Als Kind seiner griechischen Frau Mama war Apostolos schon in jungen Jahren mit Freude am Herd gestanden. Mit seinem experimentierfreudigen Wesen schafft er beim Kochen ein kreatives Geschmackslabor. Auch die Geheimnisse der traditionellen »politiki kouzina«, der regionalen Küche der Griechen in Konstantinopel, integriert Apostolos in sein kulinarisches Werk. Sein Erfolgskonzept: Griechische Hausmannskunst Vol. II – die Wiederauflage. Zutaten neu gemixt. Im Alter von 26 Jahren beschloss Apostolos, Gastgeber für jedermann zu werden. Sein Hund führte ihn beim allabendlichen Spaziergang zu den passenden Räumlichkeiten für sein griechisches Restaurant der anderen Art. Johannis war das auserwählte Viertel – auch schon vor 9 Jahren empfänglich für kulinarische Neuerungen und Sonderheiten.

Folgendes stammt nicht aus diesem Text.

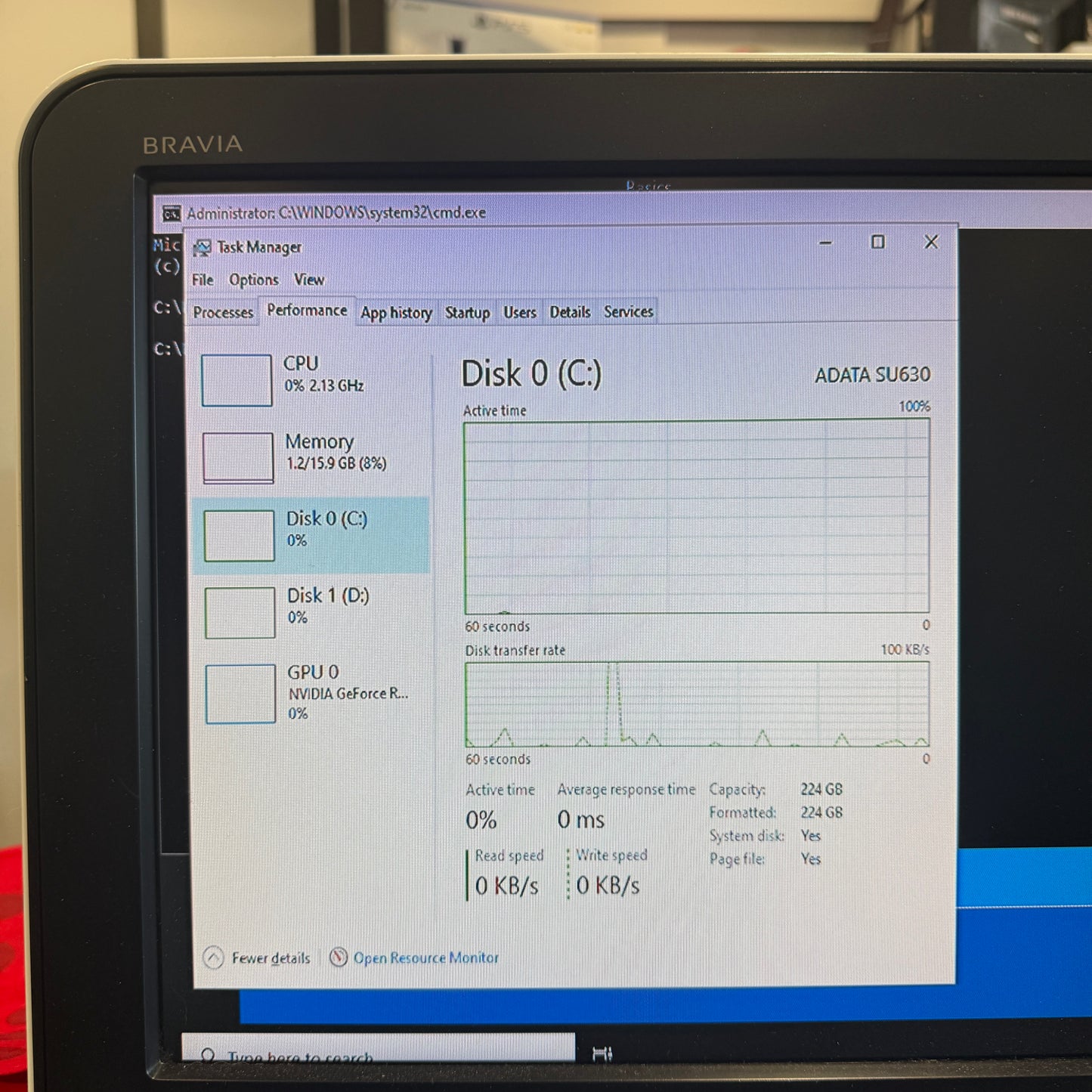 Custom PC Ryzen 7 2700X 16GB RAM 256GB SSD OEM RTX 2070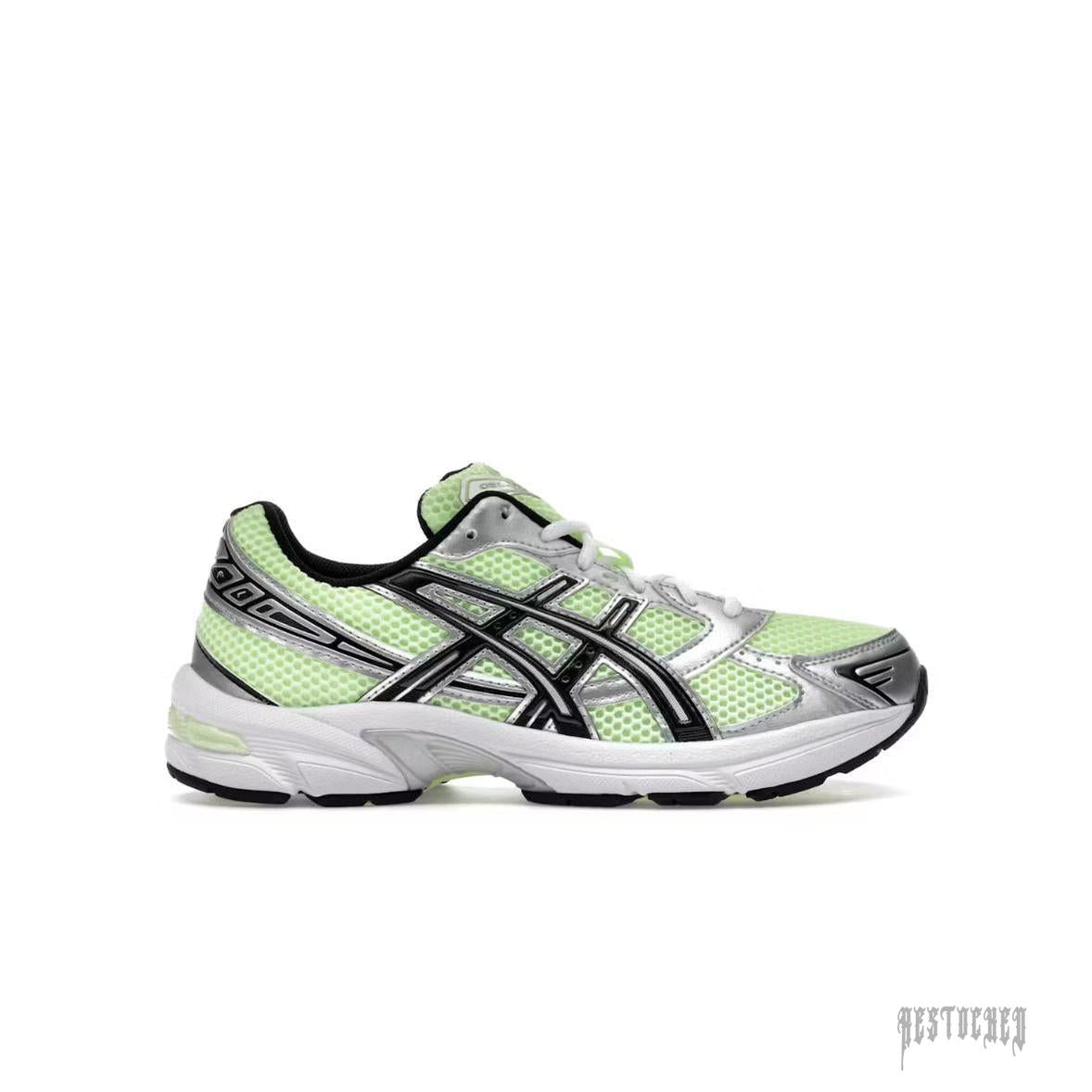 ASICS GEL-1130 NEON PACK GREEN (WOMEN’S)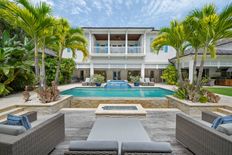 Esclusiva Casa Indipendente in vendita Nassau, Bahamas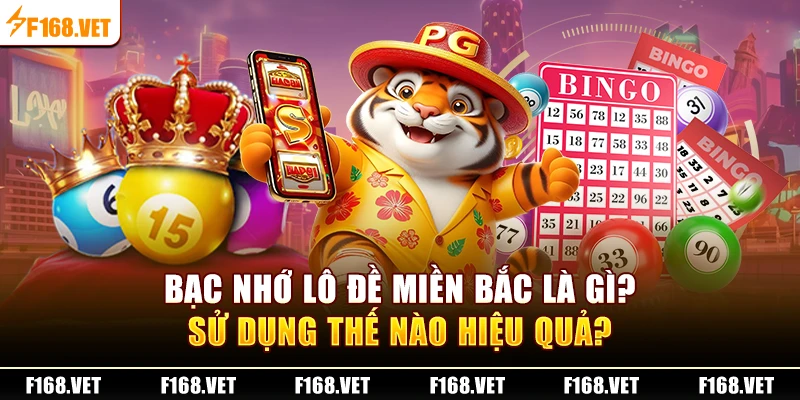 Tăng tỉ lệ chiến thắng khi tham gia bạc nhớ lô đề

Mit Vorstellungskraft zum Tatendrang

Eine große Portion Vorstellungskraft benötigte man beim erstmaligen Betreten des auserwählten Etablissements. Der Charme der vier Wände offenbarte sich nur mit viel Phantasie. Doch Apostolos Vorstellungskraft ist stark und mit der Realität eng verwoben. Risiken machen ihm keine Angst. Irgendetwas gab ihm die Gewissheit, dass er in seinem Vorhaben nicht scheitern werde. Auf seine männliche Intuition (und ein paar weitere Helferlein) war Verlass. Dank der großen Einsatzbereitschaft seines abrisswilligen Freundeskreises nahmen seine Vorstellungen in nächtlicher Handarbeit zügig Gestalt an. Das Eleon wurde geboren, ein kulinarisches Mosaik griechischer Köstlichkeiten. Die Begeisterung für seine griechische Küche kann Apostolos seit dem Tag der Eröffnung aufrechterhalten. Ein Longplayer, den man sich nicht satt essen kann.

Lidl macht (entscheidungs-)stark

Gelegentlich passieren wir Stationen im Leben, deren tiefere Bedeutung wir erst später zu schätzen wissen. Nach dem Studium der BWL arbeitete Apostolos zunächst bei Lidl. Wider Erwarten konnte er dort fürs »Leben« lernen: Entscheiden. Die Leitung mehrerer Filialen erfordert Entscheidungs- und Durchsetzungskraft. Grundsätzlich der Harmonie verfallen stellte dies zu Beginn die größte Herausforderung an Apostolos. Doch er meisterte diese, ohne dabei das harmonische Miteinander aus den Augen zu verlieren. Seitdem lebt es sich »entschieden« leichter – innerlich und äußerlich. Eine gute Schule für ein selbstständiges Ich in Selbstständigkeit.

Gegessen wird zu Hause!

Auch wenn Apostolos Griechenland, insbesondere Athen, liebt und mehrmals im Jahr dorthin verreist, hat er in Nürnberg seine Heimat gefunden. Städtereisen inspirieren ihn zwar und kurbeln seinen Geschäftssinn an, doch er kehrt immer wieder gerne zurück. In Apostolos Vorstellung hat eben jede Stadt Potential, Nährboden der Selbstständigkeit zu sein. Ob das Eleon eine Einzelkind bleibt, oder Geschwisterchen hier und dort bekommt, bleibt abzuwarten.

Ein feierlicher Mix

Ein bisschen mehr leben dürfte der Nürnberger Apostolos Meinung nach. Auch unter der Woche. Schlafen wirkt sich eben nicht nur vitalisierend aus. Trotz der Vielfalt an Restaurants und Cafés fehlt es in Nürnberg noch an einer nachtaktiven Clubdichte. Wobei, Qualität vor Quantität. Mit einem Wunderexemplar würde sich Apostolos bereits zufrieden geben. Ein Revival des Mach 1 zu seinen Glanzzeiten zum Beispiel. Das wäre sein Traum. Ein gepflegter Houseclub, der jeden, ob jünger oder älter, schwul oder lesbisch, miteinander feiern lässt. Harmonisch. Eine große Liebe für jedermann.

Bis dahin wird gegessen. Bei Apostolos. Im Eleon. Ebenso vitalisierend wie wunderbar.